● **RECORDS TO USE**:
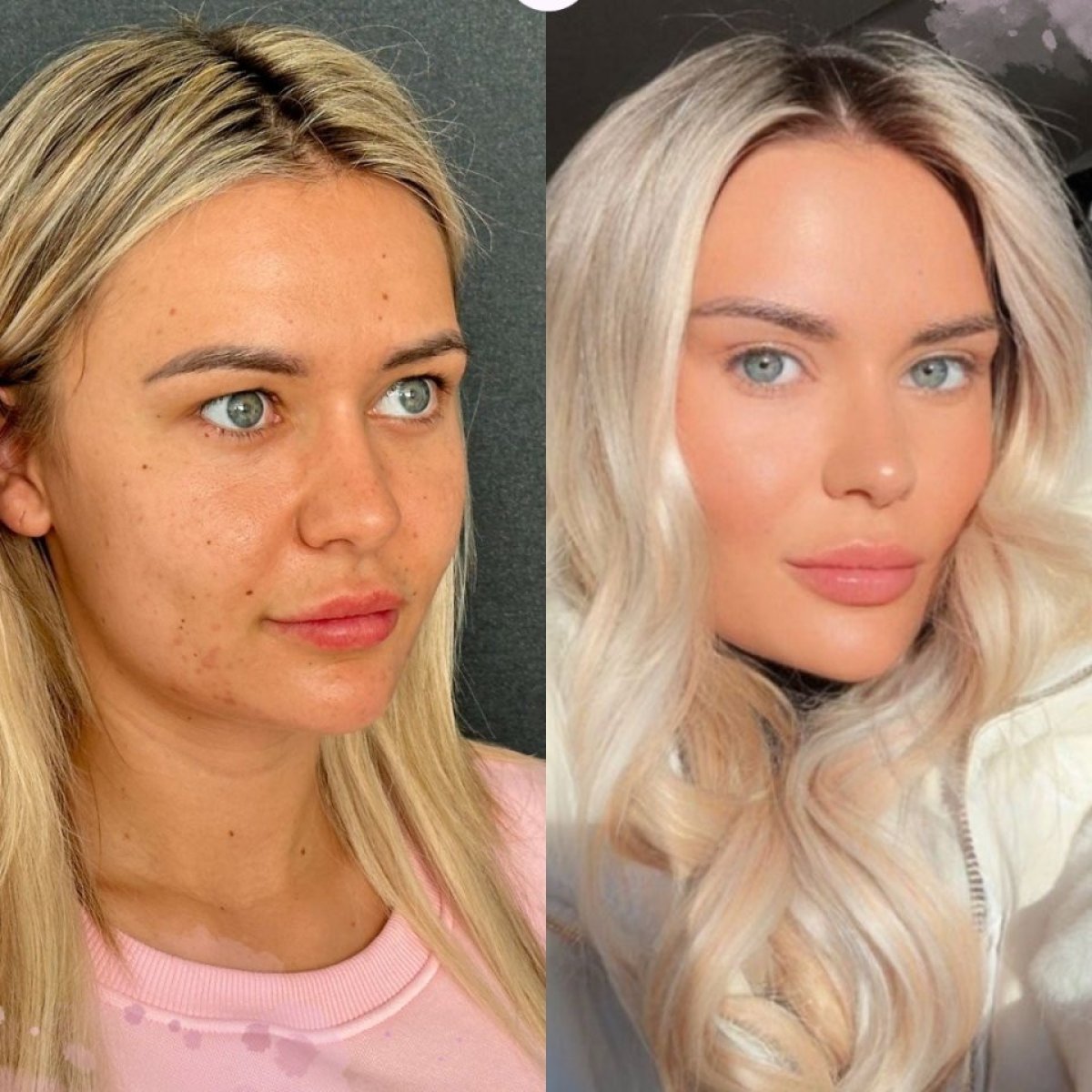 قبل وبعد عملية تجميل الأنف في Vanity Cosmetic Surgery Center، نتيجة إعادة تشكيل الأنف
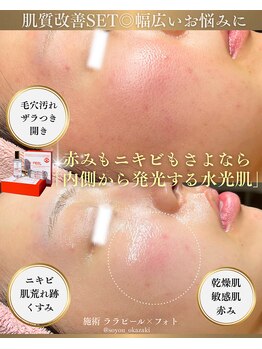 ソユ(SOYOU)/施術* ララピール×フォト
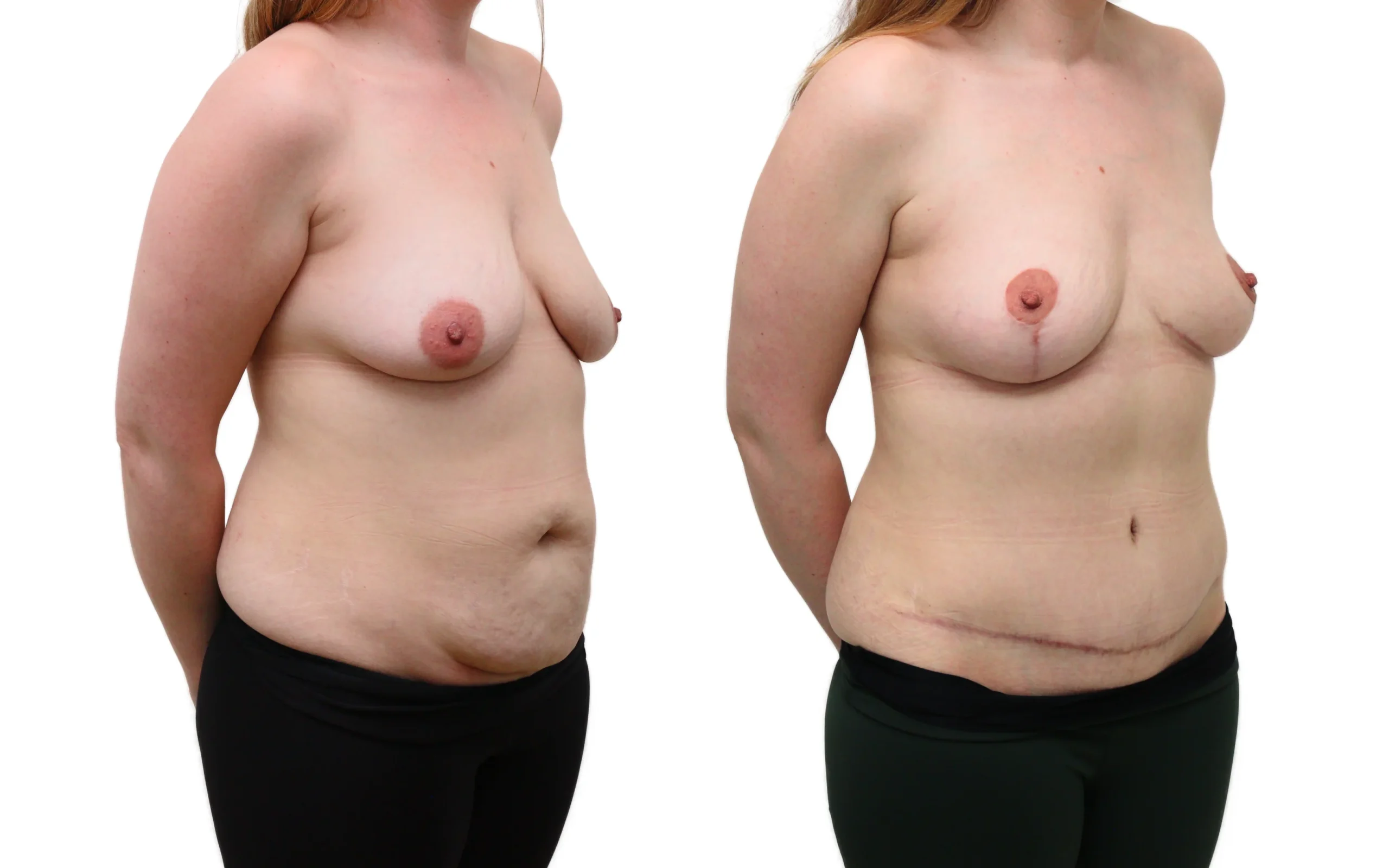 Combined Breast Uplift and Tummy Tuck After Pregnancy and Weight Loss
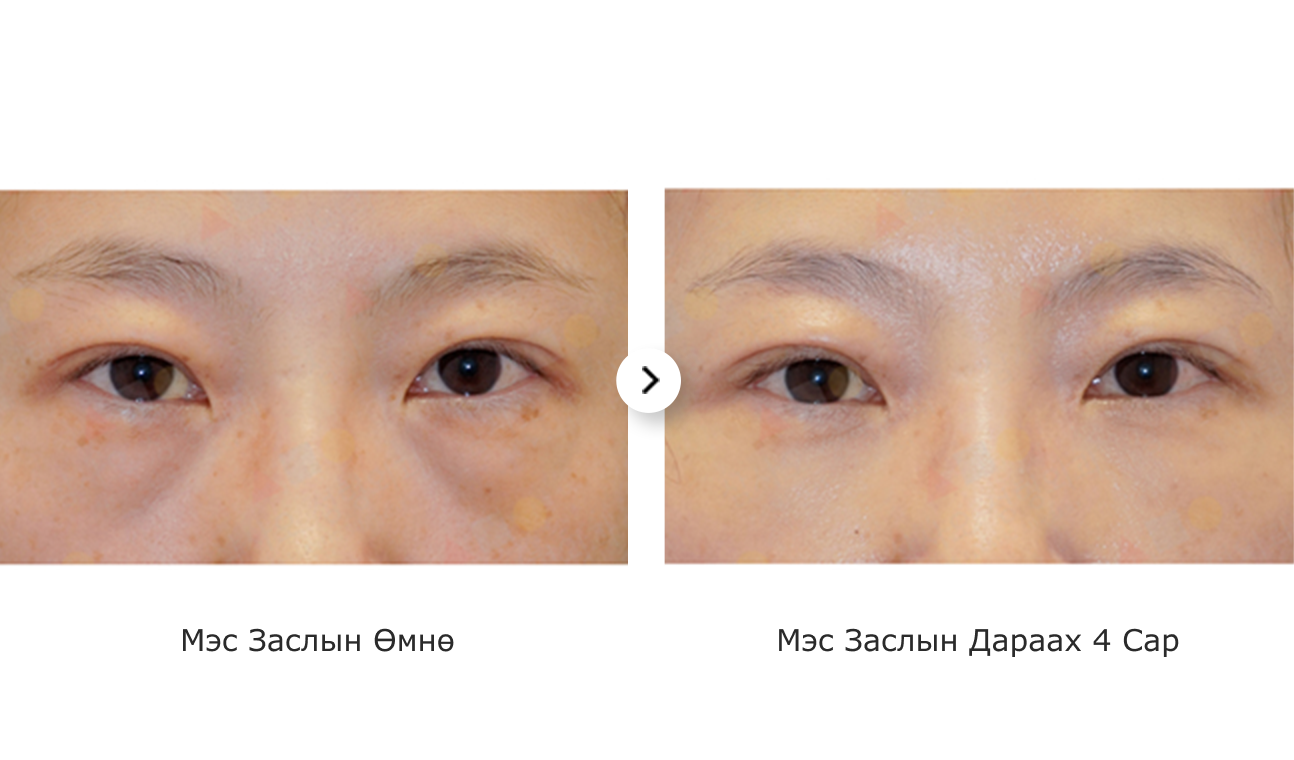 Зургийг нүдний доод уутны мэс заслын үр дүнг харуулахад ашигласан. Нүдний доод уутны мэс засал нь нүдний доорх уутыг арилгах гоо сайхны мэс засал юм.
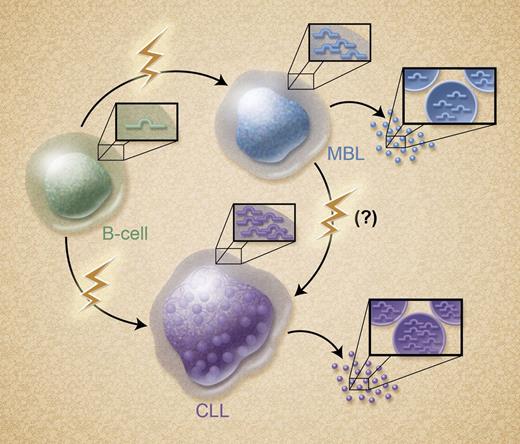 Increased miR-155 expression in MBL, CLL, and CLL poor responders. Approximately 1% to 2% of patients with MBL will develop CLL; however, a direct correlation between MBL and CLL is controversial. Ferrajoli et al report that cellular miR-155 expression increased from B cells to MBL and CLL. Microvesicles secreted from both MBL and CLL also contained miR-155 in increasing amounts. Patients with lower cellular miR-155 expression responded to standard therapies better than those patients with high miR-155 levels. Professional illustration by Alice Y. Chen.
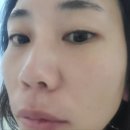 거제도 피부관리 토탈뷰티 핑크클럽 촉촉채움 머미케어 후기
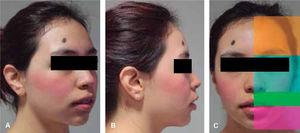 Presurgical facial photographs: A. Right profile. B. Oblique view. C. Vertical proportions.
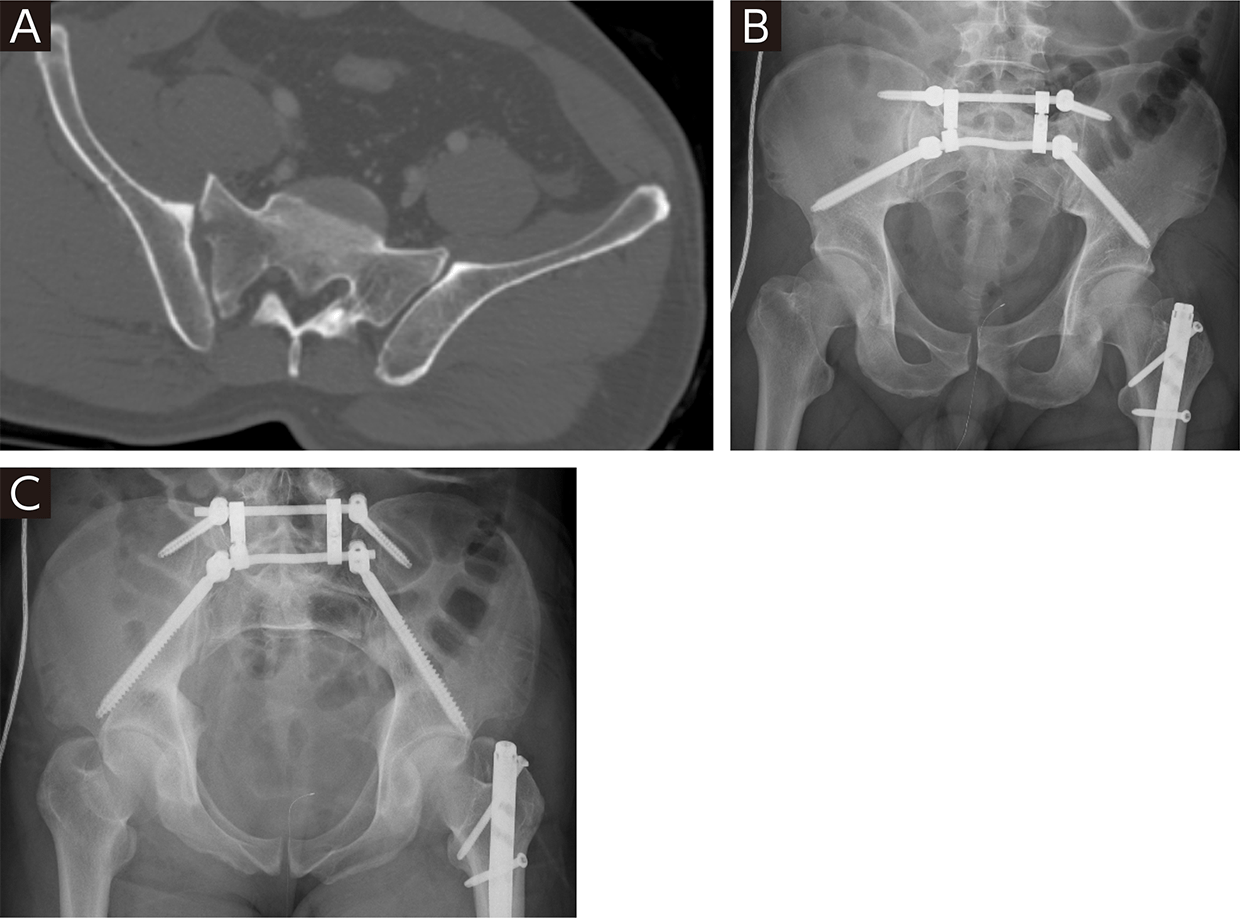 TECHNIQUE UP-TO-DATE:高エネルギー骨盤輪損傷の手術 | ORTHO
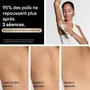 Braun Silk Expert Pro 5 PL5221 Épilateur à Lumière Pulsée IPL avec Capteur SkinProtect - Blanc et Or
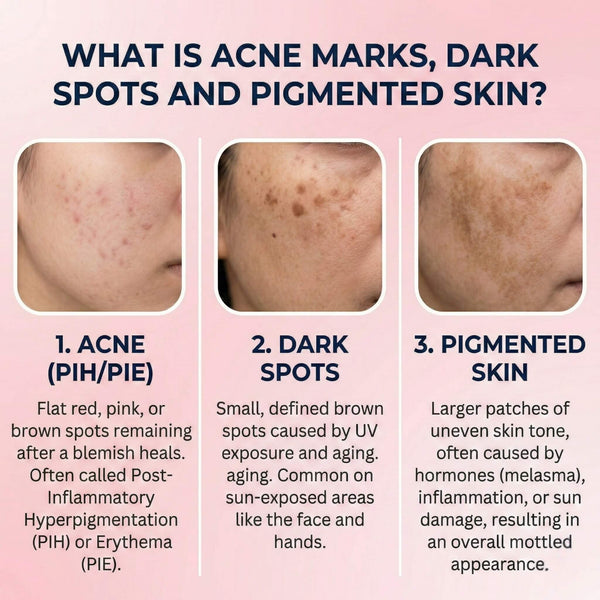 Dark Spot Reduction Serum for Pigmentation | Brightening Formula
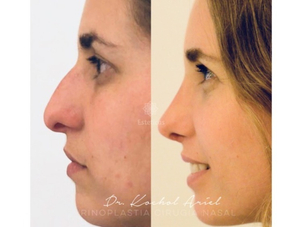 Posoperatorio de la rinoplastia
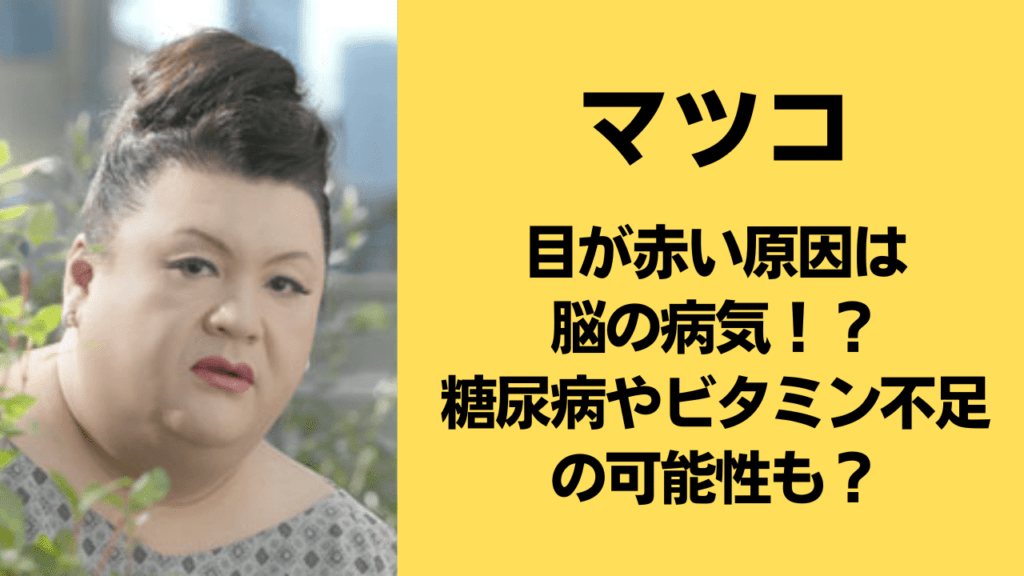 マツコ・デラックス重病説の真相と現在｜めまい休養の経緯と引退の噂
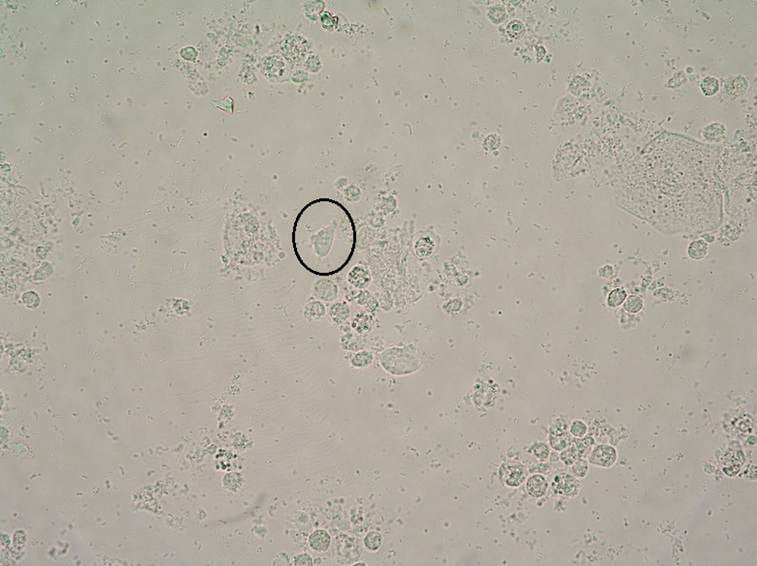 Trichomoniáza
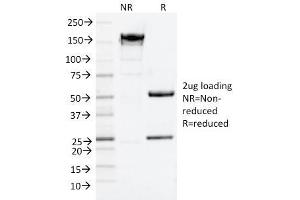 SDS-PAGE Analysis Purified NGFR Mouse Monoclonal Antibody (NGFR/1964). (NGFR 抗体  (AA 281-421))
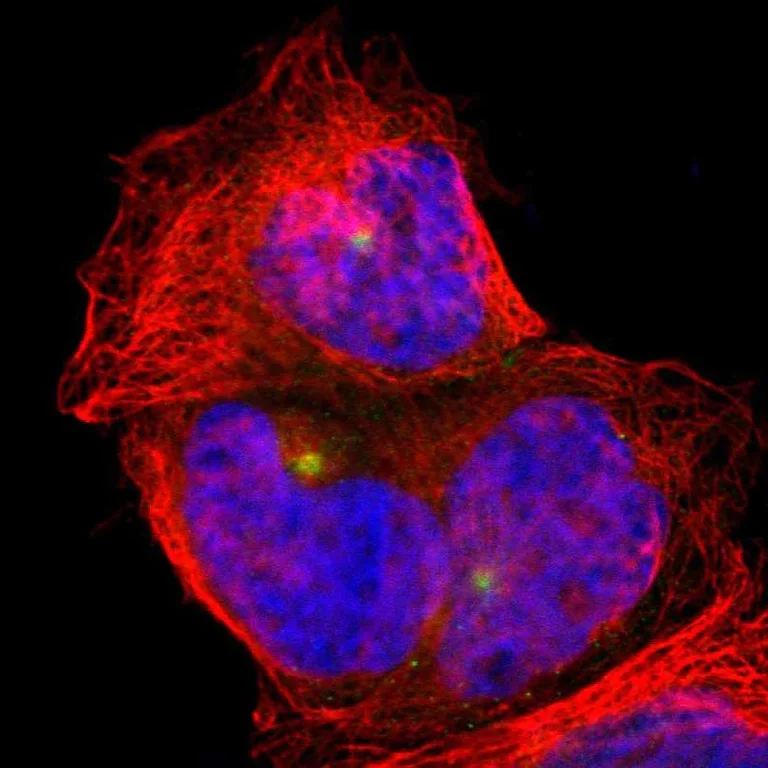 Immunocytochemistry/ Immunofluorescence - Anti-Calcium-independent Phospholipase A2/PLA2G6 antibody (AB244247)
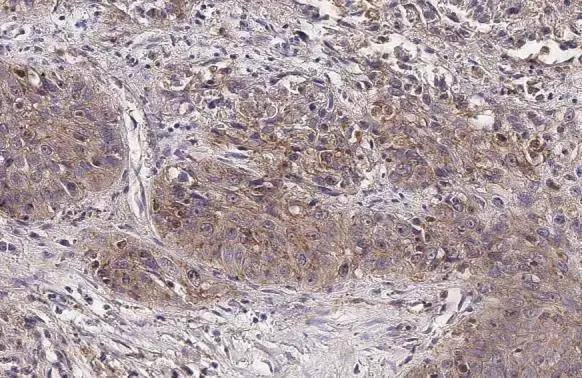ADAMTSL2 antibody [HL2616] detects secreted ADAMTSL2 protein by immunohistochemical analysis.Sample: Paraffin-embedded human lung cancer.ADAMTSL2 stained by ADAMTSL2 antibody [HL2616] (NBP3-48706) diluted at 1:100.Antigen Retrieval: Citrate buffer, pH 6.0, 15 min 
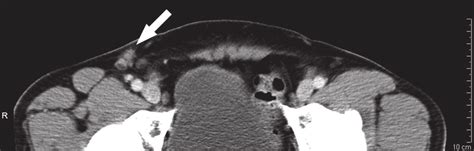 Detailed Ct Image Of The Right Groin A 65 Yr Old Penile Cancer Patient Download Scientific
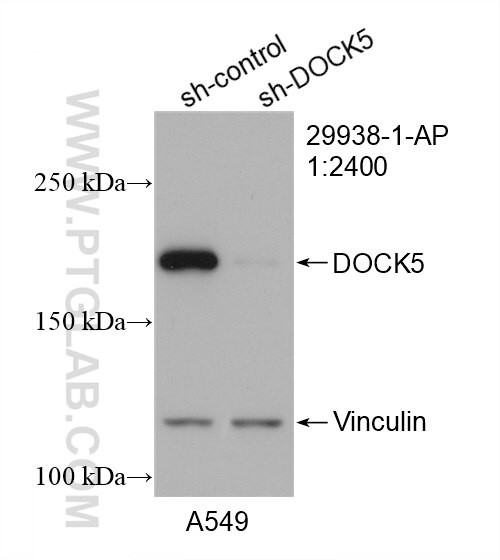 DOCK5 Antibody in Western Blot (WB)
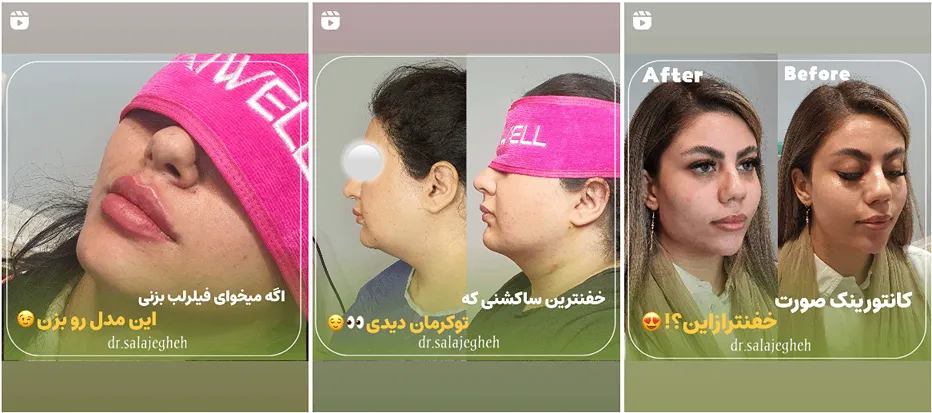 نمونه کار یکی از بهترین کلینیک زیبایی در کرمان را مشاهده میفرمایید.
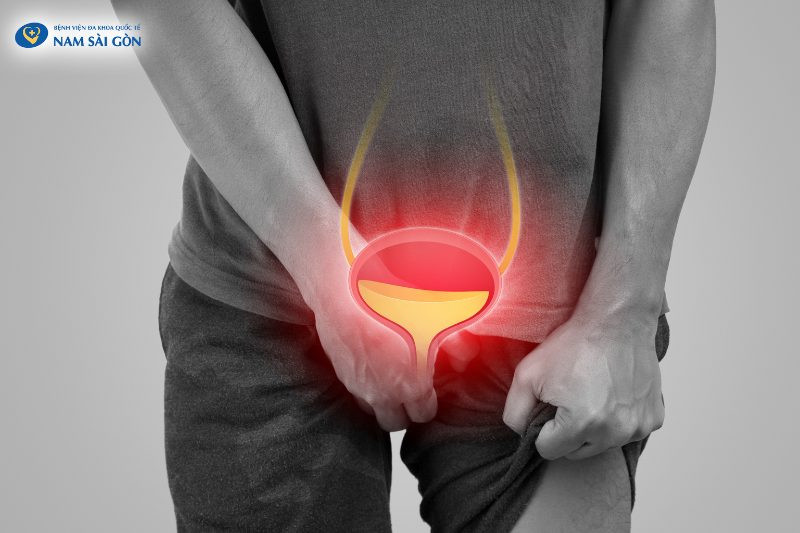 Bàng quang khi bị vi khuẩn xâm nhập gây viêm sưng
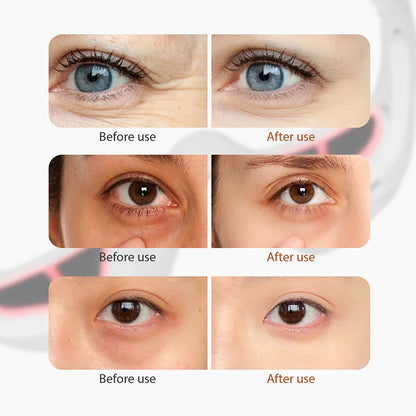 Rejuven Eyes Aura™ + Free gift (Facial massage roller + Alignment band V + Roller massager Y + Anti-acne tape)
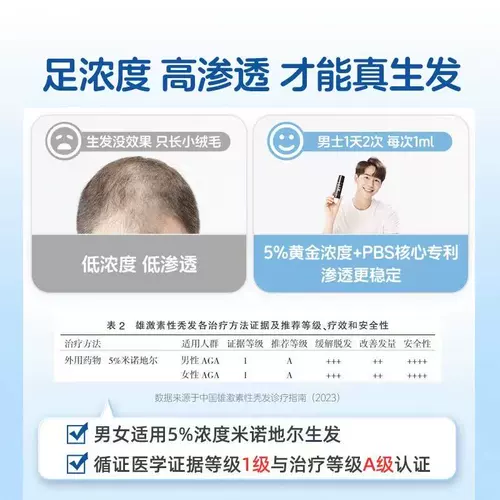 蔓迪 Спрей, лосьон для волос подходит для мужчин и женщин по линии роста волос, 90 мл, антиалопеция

● **WORK INSTRUCTIONS**: The response must match the data line for line, from its first line through the line with "Increased miR-155 expression", inclusive, and must leave out the pictures.

● **TASK RESPONSE**:
 قبل وبعد عملية تجميل الأنف في Vanity Cosmetic Surgery Center، نتيجة إعادة تشكيل الأنف
 ソユ(SOYOU)/施術* ララピール×フォト
 Combined Breast Uplift and Tummy Tuck After Pregnancy and Weight Loss
 Зургийг нүдний доод уутны мэс заслын үр дүнг харуулахад ашигласан. Нүдний доод уутны мэс засал нь нүдний доорх уутыг арилгах гоо сайхны мэс засал юм.
 Increased miR-155 expression in MBL, CLL, and CLL poor responders. Approximately 1% to 2% of patients with MBL will develop CLL; however, a direct correlation between MBL and CLL is controversial. Ferrajoli et al report that cellular miR-155 expression increased from B cells to MBL and CLL. Microvesicles secreted from both MBL and CLL also contained miR-155 in increasing amounts. Patients with lower cellular miR-155 expression responded to standard therapies better than those patients with high miR-155 levels. Professional illustration by Alice Y. Chen.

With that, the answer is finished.